Task prompt: Return only what runs from the line containing "Cuffie wireless JBL Quantum 250, bianche" through the last line of the entries below, exactly, omitting pictures.

Records shown:
Content starts
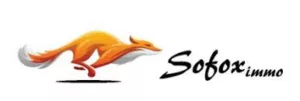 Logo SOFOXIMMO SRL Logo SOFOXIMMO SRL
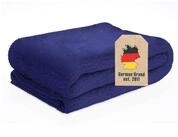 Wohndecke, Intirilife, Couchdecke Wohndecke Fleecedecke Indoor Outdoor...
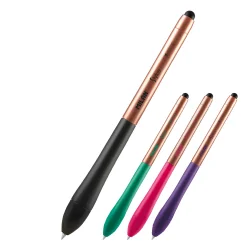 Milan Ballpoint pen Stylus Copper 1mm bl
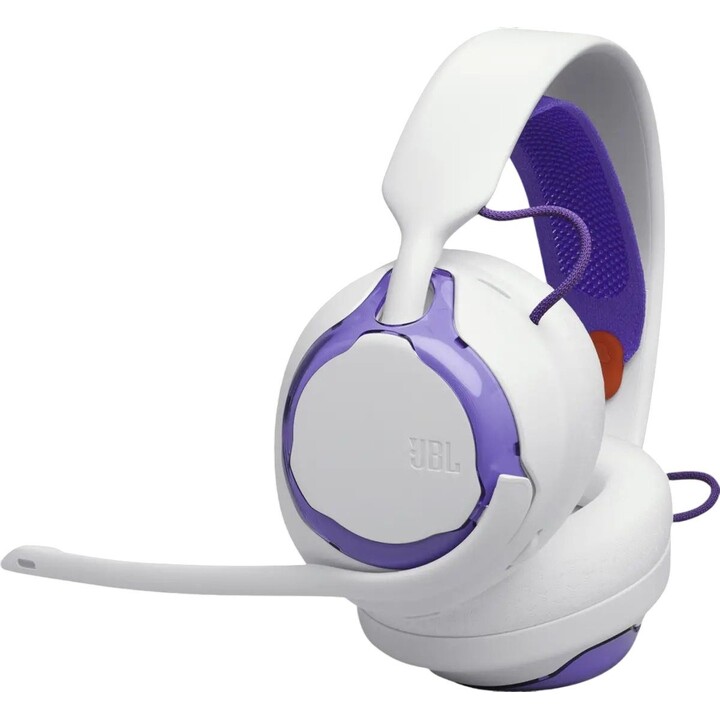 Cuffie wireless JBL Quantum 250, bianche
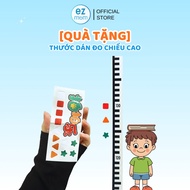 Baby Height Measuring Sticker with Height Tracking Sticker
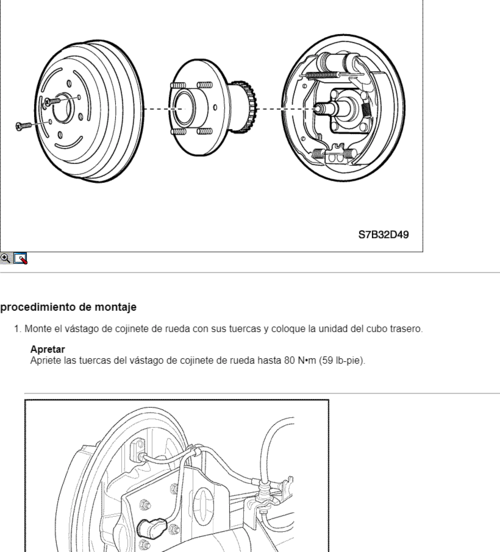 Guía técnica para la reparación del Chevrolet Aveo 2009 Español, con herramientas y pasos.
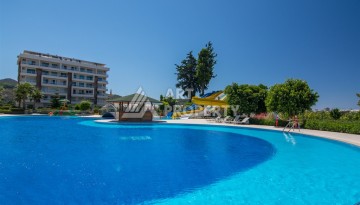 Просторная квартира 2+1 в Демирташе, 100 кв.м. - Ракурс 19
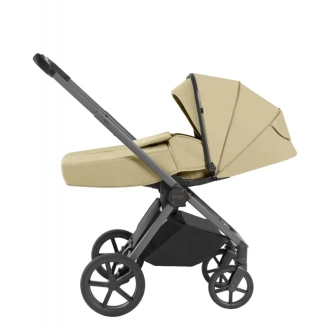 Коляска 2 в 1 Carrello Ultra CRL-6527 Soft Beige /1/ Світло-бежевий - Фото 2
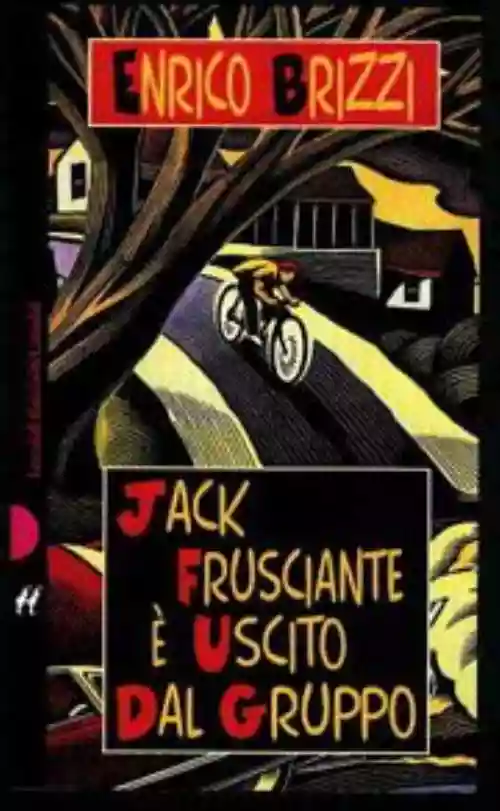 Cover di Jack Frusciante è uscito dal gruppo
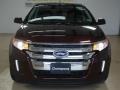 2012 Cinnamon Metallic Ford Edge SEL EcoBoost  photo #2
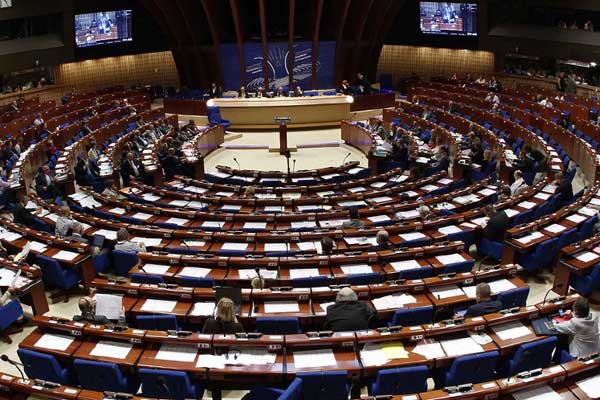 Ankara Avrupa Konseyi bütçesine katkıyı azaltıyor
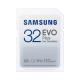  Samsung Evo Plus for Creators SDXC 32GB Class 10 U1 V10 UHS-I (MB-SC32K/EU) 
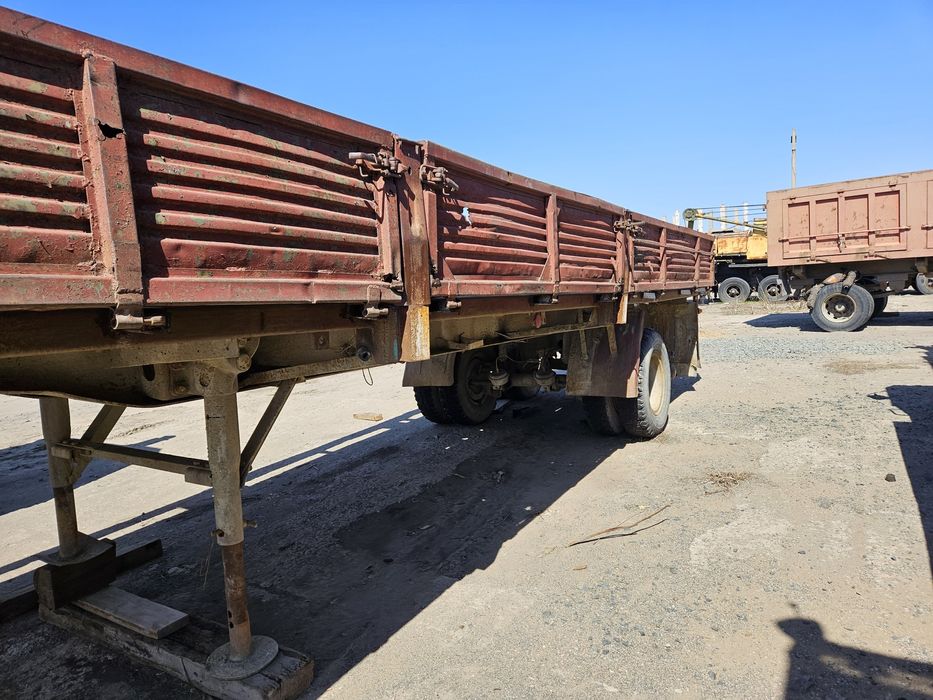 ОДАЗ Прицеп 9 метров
Content ends
Task answer:
 Cuffie wireless JBL Quantum 250, bianche
 Baby Height Measuring Sticker with Height Tracking Sticker
 Guía técnica para la reparación del Chevrolet Aveo 2009 Español, con herramientas y pasos.
 Просторная квартира 2+1 в Демирташе, 100 кв.м. - Ракурс 19
 Коляска 2 в 1 Carrello Ultra CRL-6527 Soft Beige /1/ Світло-бежевий - Фото 2
 Cover di Jack Frusciante è uscito dal gruppo
 2012 Cinnamon Metallic Ford Edge SEL EcoBoost  photo #2
 Ankara Avrupa Konseyi bütçesine katkıyı azaltıyor
  Samsung Evo Plus for Creators SDXC 32GB Class 10 U1 V10 UHS-I (MB-SC32K/EU) 
 ОДАЗ Прицеп 9 метров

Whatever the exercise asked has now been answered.